(Beginning of Data block)

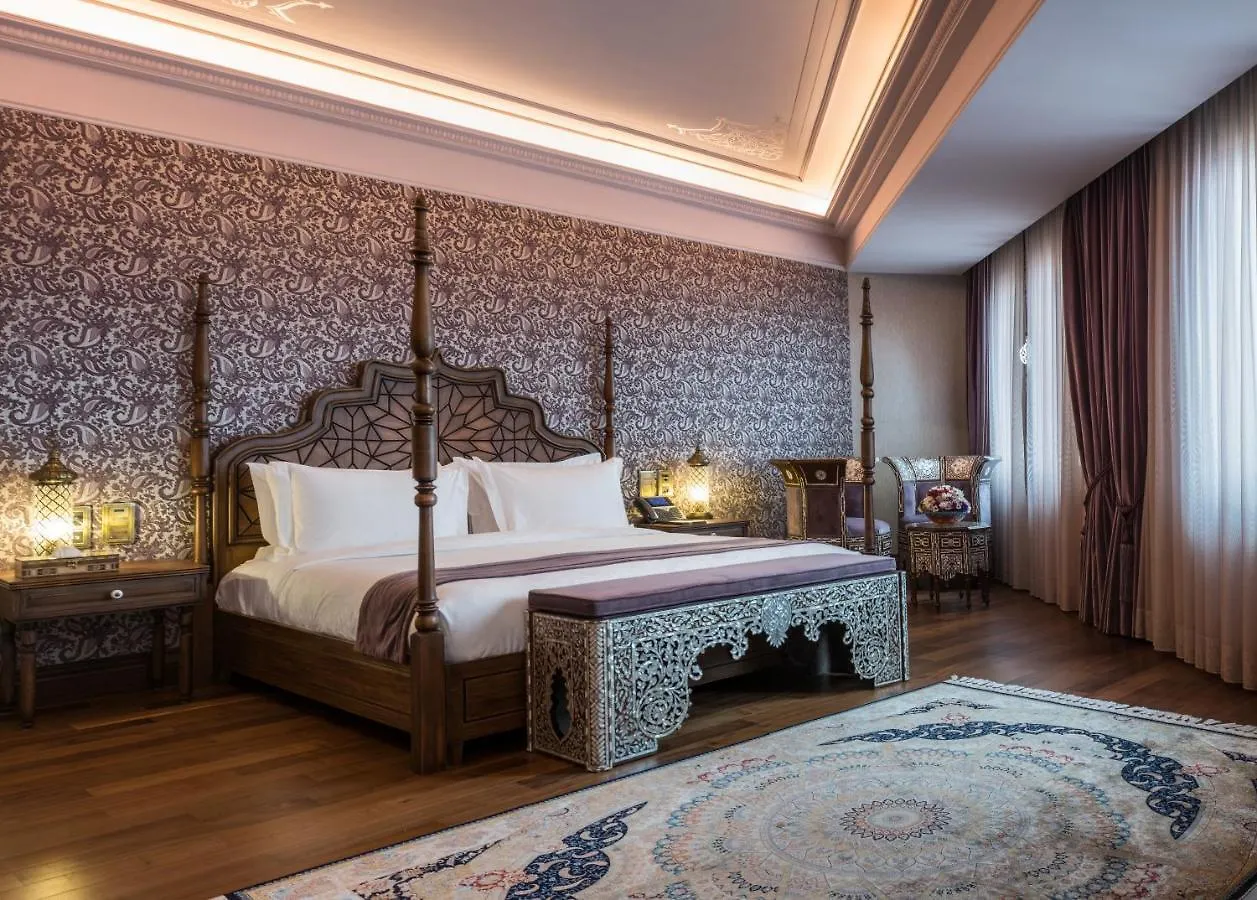 Ajwa Sultanahmet - Preferred Hotels Lvx Collection Istanbul Turkey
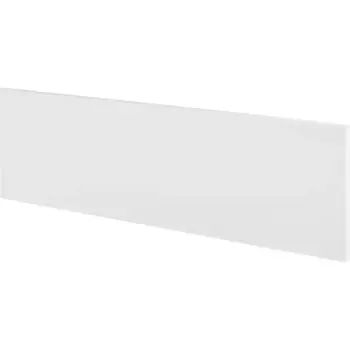 Фасад для кухонного ящика Аша Белая 79.7x25.3 см Delinia ID ЛДСП цвет белый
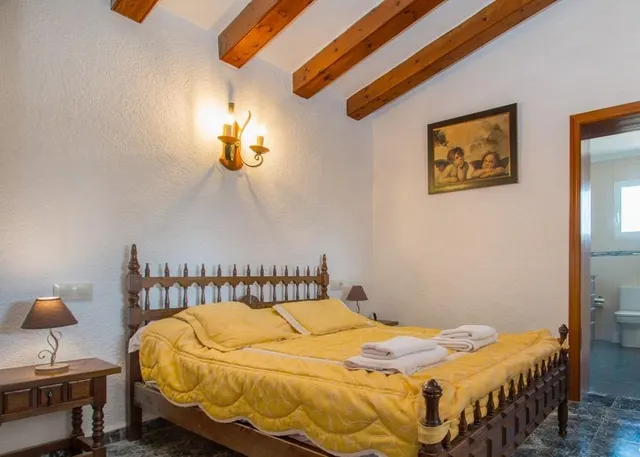 Casa rural en Teulada con piscina privada — 10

(End of Data block)

*What the task requires*.
Give back all the data exactly, minus pictures.

*Answer*.
 Ajwa Sultanahmet - Preferred Hotels Lvx Collection Istanbul Turkey
 Фасад для кухонного ящика Аша Белая 79.7x25.3 см Delinia ID ЛДСП цвет белый
 Casa rural en Teulada con piscina privada — 10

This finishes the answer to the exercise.